Originally proposed at Wikidata:Property proposal/Generic

Descriptionlegislative or executive or other text that was the cause of the statement
Data typeItem
Domainfor use as a qualifer on statements, most commonly on significant event (P793), dissolved, abolished or demolished date (P576), etc.
Allowed valueswork (Q386724)
Example 1Coldingham (Q68815157)significant event (P793)boundary change (Q28953942)consequence of text = Local Government (Scotland) Act 1889 (Q6664029)
Example 2copyhold (Q1990719)dissolved, abolished or demolished date (P576)31 December 1925consequence of text = Law of Property Act 1925 (Q6503425)
Example 3Cambridge Health Authority (Q105087660)dissolved, abolished or demolished date (P576)1 April 1996consequence of text = The Health Authorities (England) Establishment Order 1996 (Q99880206)
Planned usegeneral use; use for consequences of various UK legislative acts and statutory instruments (User:Tagishsimon)
Robot and gadget jobsreplace uses of has cause (P828), end cause (P1534), has immediate cause (P1478) where their values are texts
See alsofoundational text (P457), has cause (P828), end cause (P1534)

Synonyms[edit]

  • "effective text", "effected by", "legislative cause", "result of legislation"

Motivation[edit]

We have a property (foundational text (P457)) for legislation, charters, treaties, executive orders etc that bring an item into being; but no similar property for such texts that cause an item to end, or change its state. This proposal would create that property.

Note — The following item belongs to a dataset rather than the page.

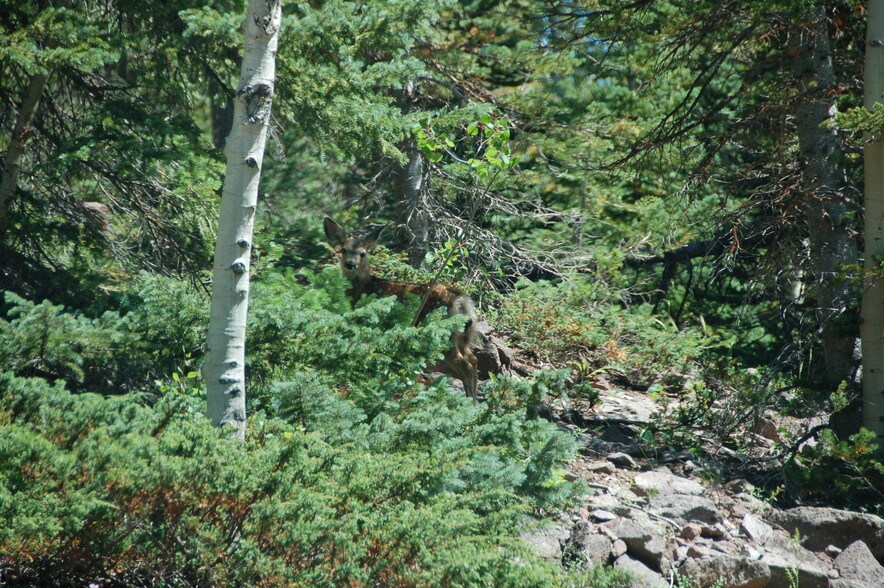 More Photos Of Lake Beaver E, Beaver Land For Sale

The proposal arises out of discussion with User:Tagishsimon when I was looking for such a property. Tagishsimon has recently been doing a lot of systematic work on UK legislative acts and examples of UK Statutory Instrument (Q7604686) and their effects. But without a property like this, he said he was merely using stated in (P248) in a reference to indicate the legislative cause of events, such as at Q105087660#P576. This is unsatisfactory, because a reference could be any text that describes an action that has happened, not necessarily its cause.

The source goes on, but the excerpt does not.